▶ _TASK STATEMENT_:
Repeat the listing word for word. No pictures belong in the copy.
[Opening DATA FOR THIS EXERCISE section]
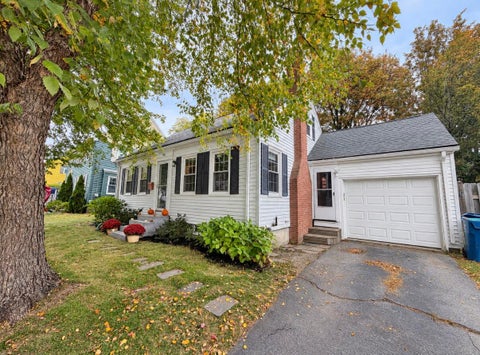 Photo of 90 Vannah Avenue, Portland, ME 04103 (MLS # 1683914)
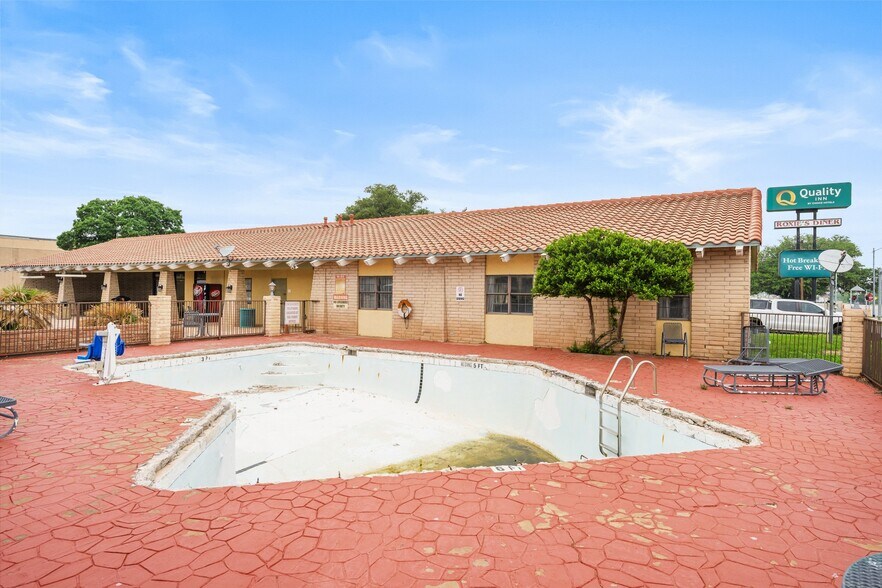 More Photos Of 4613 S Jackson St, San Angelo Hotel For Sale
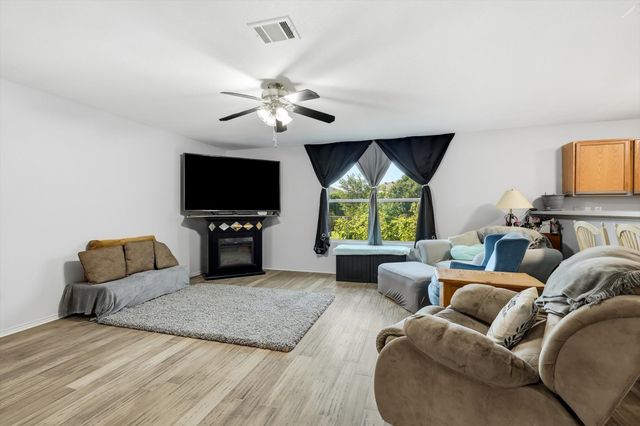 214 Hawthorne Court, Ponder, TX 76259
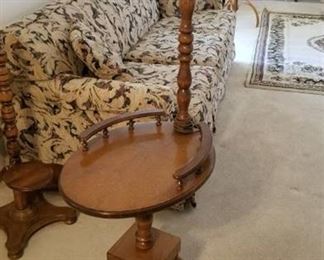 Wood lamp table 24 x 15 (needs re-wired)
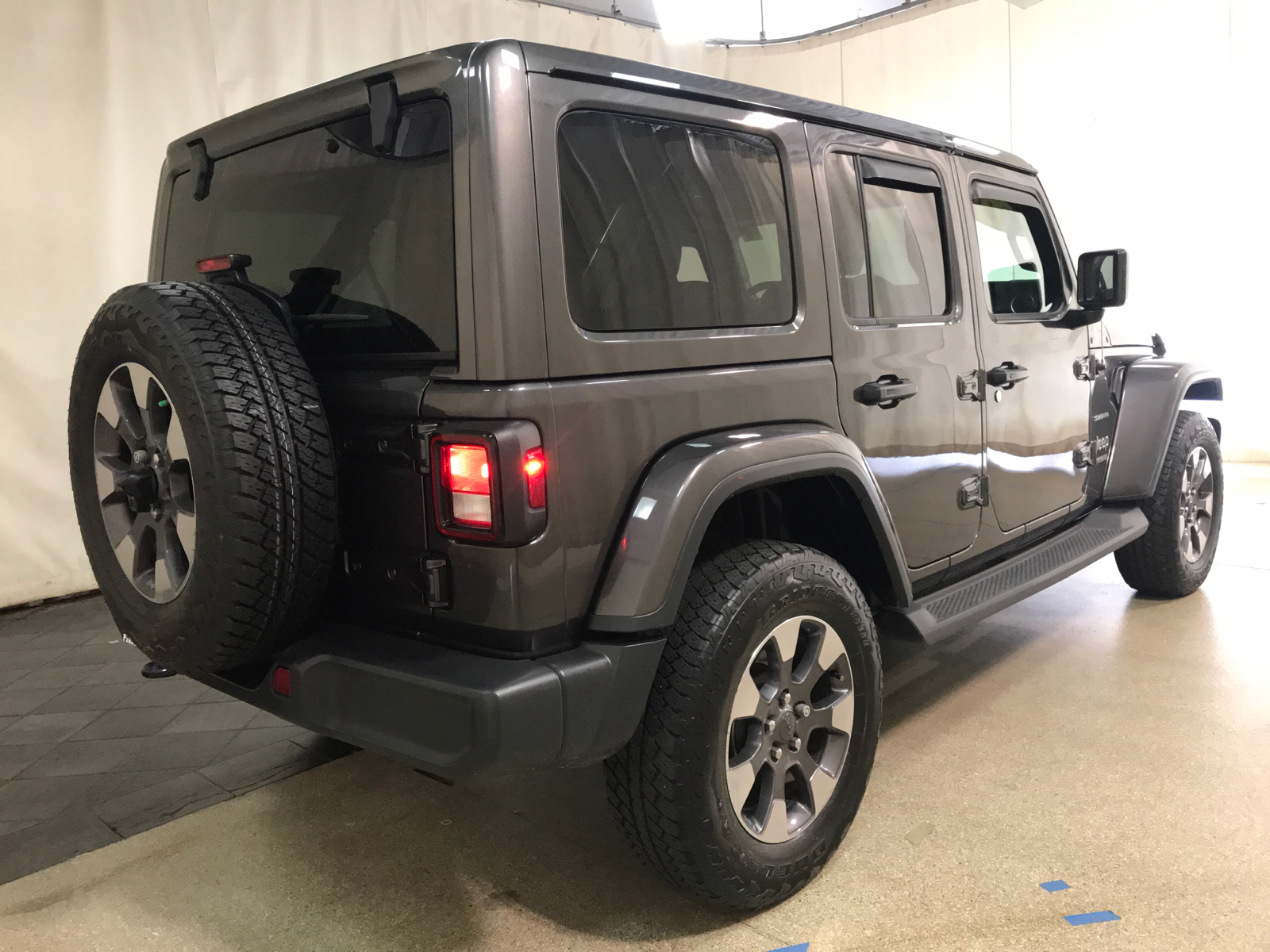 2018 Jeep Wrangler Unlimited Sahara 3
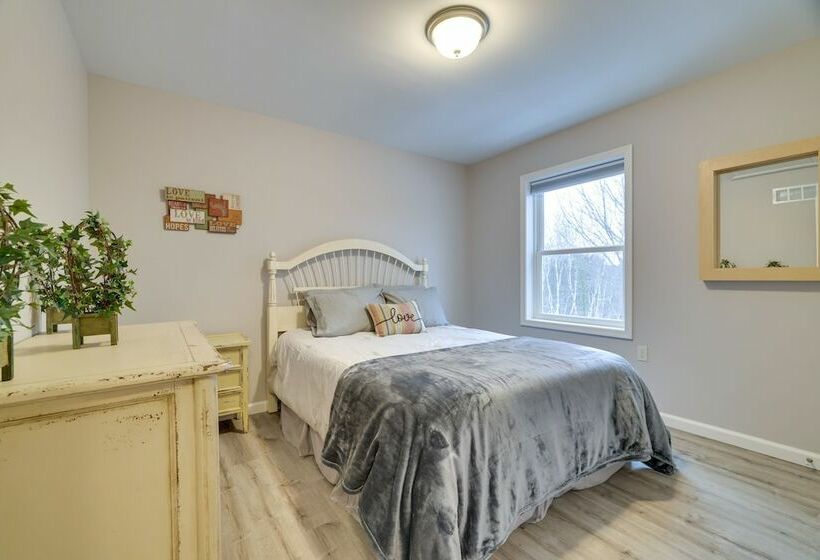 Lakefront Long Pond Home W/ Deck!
[Closing DATA FOR THIS EXERCISE section]
▶ _RESULT FOR THIS EXERCISE_:
 Photo of 90 Vannah Avenue, Portland, ME 04103 (MLS # 1683914)
 More Photos Of 4613 S Jackson St, San Angelo Hotel For Sale
 214 Hawthorne Court, Ponder, TX 76259
 Wood lamp table 24 x 15 (needs re-wired)
 2018 Jeep Wrangler Unlimited Sahara 3
 Lakefront Long Pond Home W/ Deck!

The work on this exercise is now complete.